Petitioner's argument that the $5,203.68 was repayment of funds he had advanced to Armlar fails because he did not prove Armlar was indebted to him in any amount. See Delta Plastics Corp. v. Commissioner,54 T.C. 1287, 1291 (1970). He did advance the sum of $6,691.75 for delinquent employment taxes owed by Armlar as shown by a cashier's check he subitted into evidence. This falls short of convincing us, however, that the advanced sum was considered an indebtedness of the corporation rather than a contribution to its capital. Petitioner also claims that he advanced other amounts for which Armlar was indebted to him. Again, the record does not establish that Armlar was indebted to petitioner in any amount.
Furthermore, the circuitous manner in which petitioner assumed control of the funds suggests that it was not a simple loan repayment, but more in the nature of attempting to conceal the diversion of corporate funds. Petitioner has the burden of proof, Welch v. Helvering,290 U.S. 111 (1933), Rule 142(a), Tax Court Rules of Practice and Procedure, and by not producing books and records to establish his contention, he has failed to carry that burden.

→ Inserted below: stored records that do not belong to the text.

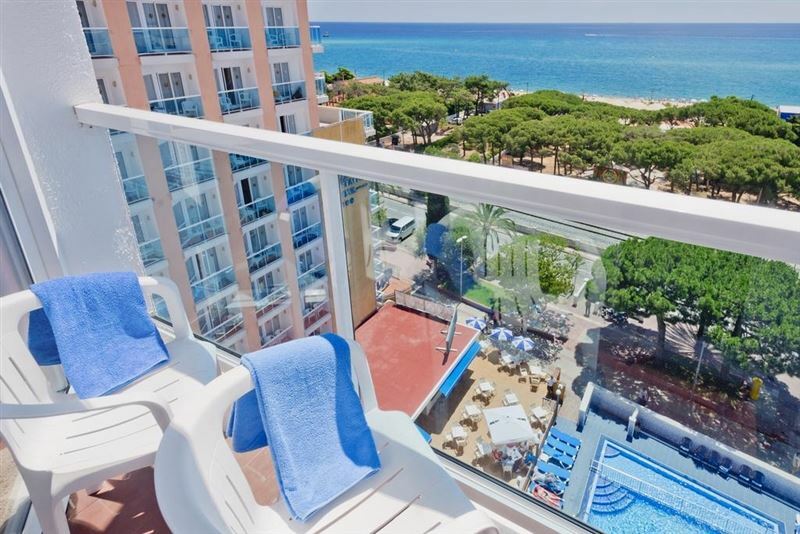 Изображение Cartaganova 3*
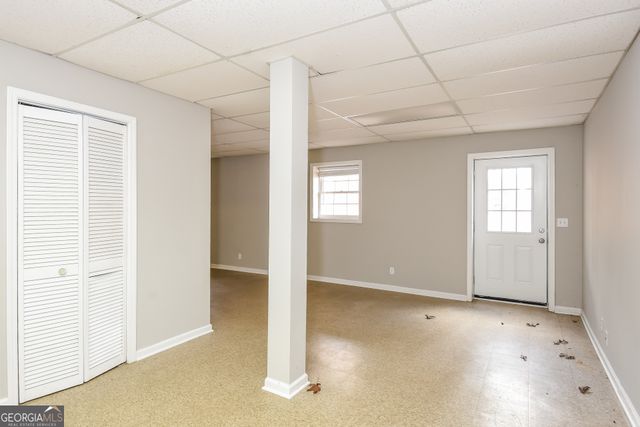 3479 Mill Stone Road, Gainesville, GA 30506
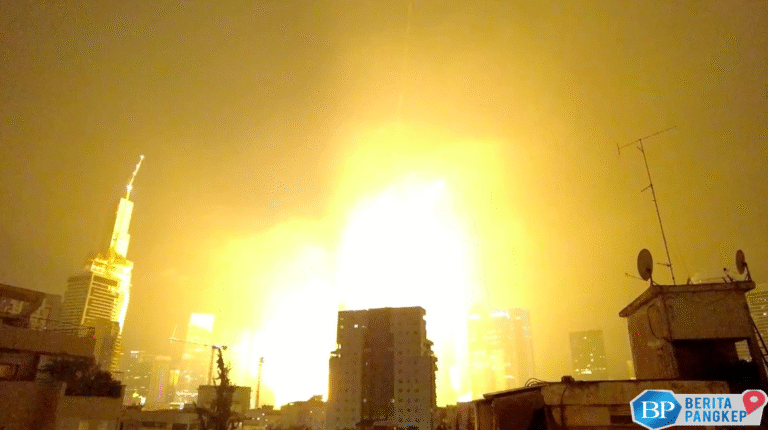 iran-ngamuk-serang-balik-israel-malam-malam-sirene-meraung-raung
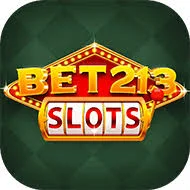 Yono Games Xk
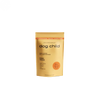 Mixed Veggie Trial Size Bag Meal Mix for Dogs Dogchild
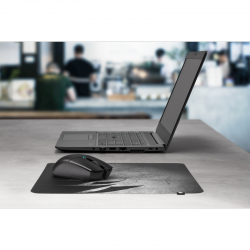 Chuột Corsair Katar Pro Wireless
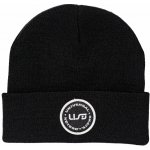 WESC Beanie – Hledejceny.cz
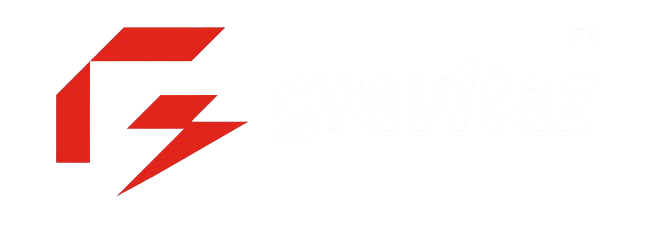 Gravitaz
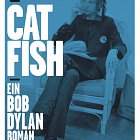 Die Playlist zum Buch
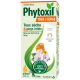 PHYTOXIL SIROP AD TOUXampGORGE 100ML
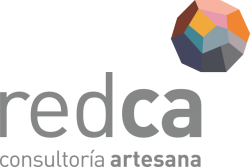 Consultora Artesana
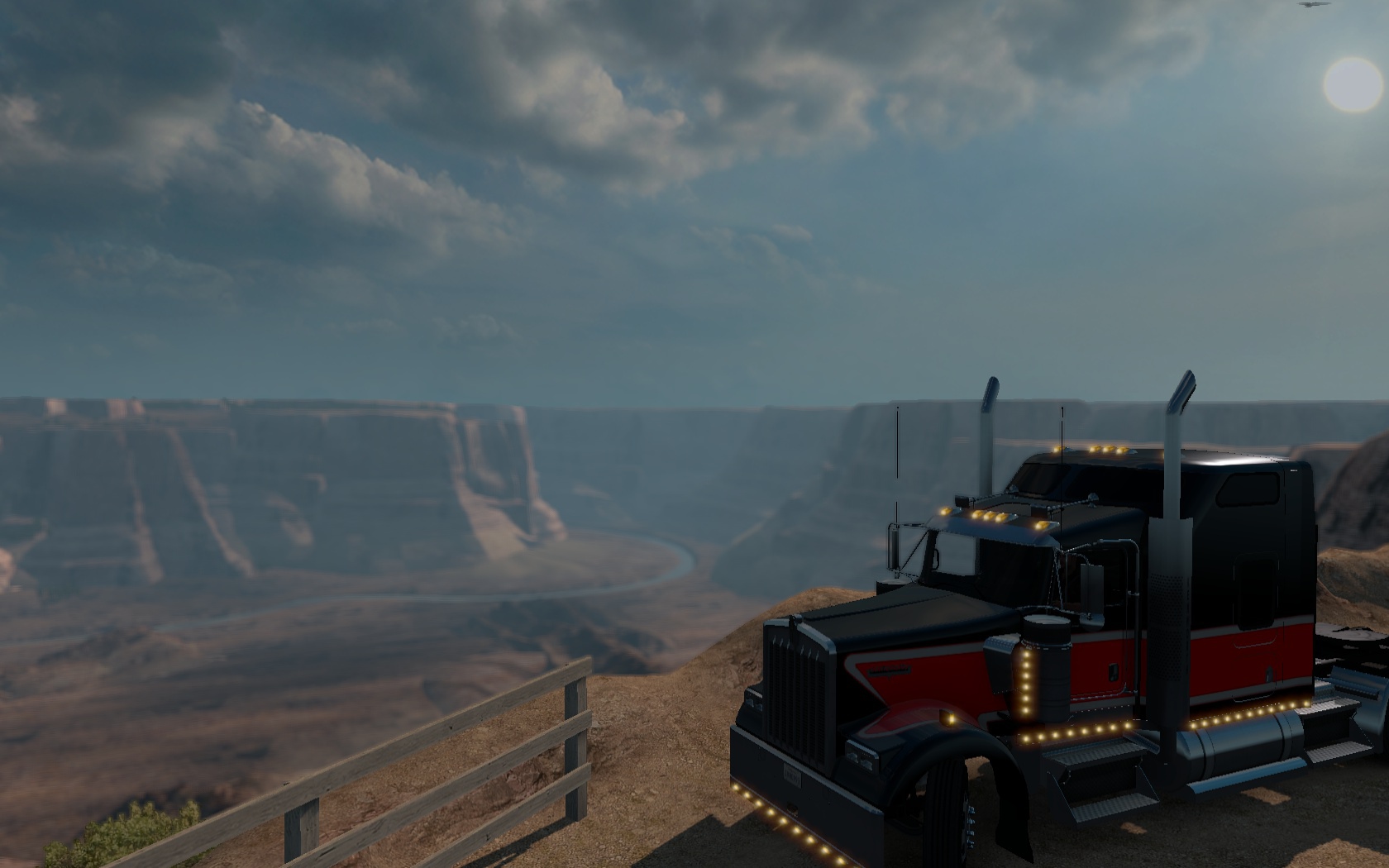 Image by Undercover_clown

We also do not agree with respondent's contention, that the $5,203.68 was compensation for services performed by petitioner. Besides arranging the Bankers Life Loan for which he received an interest in Armlar, petitioner does not appear to have been anything other than a passive investor in Armlar. The record simply does not support a finding that petitioner was being compensated for rendering services for the benefit of the corporation.
We must conclude that the $5,203.68 was a distribution from Armlar to petitioner, the treatment of which depends on Armlar's earnings and profits. Secs. 301(c) and 316(a). Respondent concedes that Armlar had no earnings and profits at the time of the distribution. Therefore, petitioner must reduce the adjusted basis of his interest in Armlar by $5,203.68. Sec. 301(c)(2).
Finally, we must decide whether petitioner negligently or intentionally disregarded the rules and regulations in 1969 and 1970, justifying respondent's imposition of the section 6653(a) addition to tax. The burden of proving that the imposition of this addition is erroneous rests upon petitioner. Courtney v. Commissioner,28 T.C. 658, 669 (1957). Rule 142(a), Tax Court Rules of Practice and Procedure.
Petitioner argues only that if his positions with regard to the two central issues in this case are sustained, the additions to tax should not be imposed. Petitioner has not been sustained as to either issue and has presented no evidence to rebut the presumption of correcctness of respondent's determination. Therefore, the 5 percent addition must be imposed on his deficiencies for 1969 and 1970.
To reflect the foregoing,
Decision will be entered under Rule 155.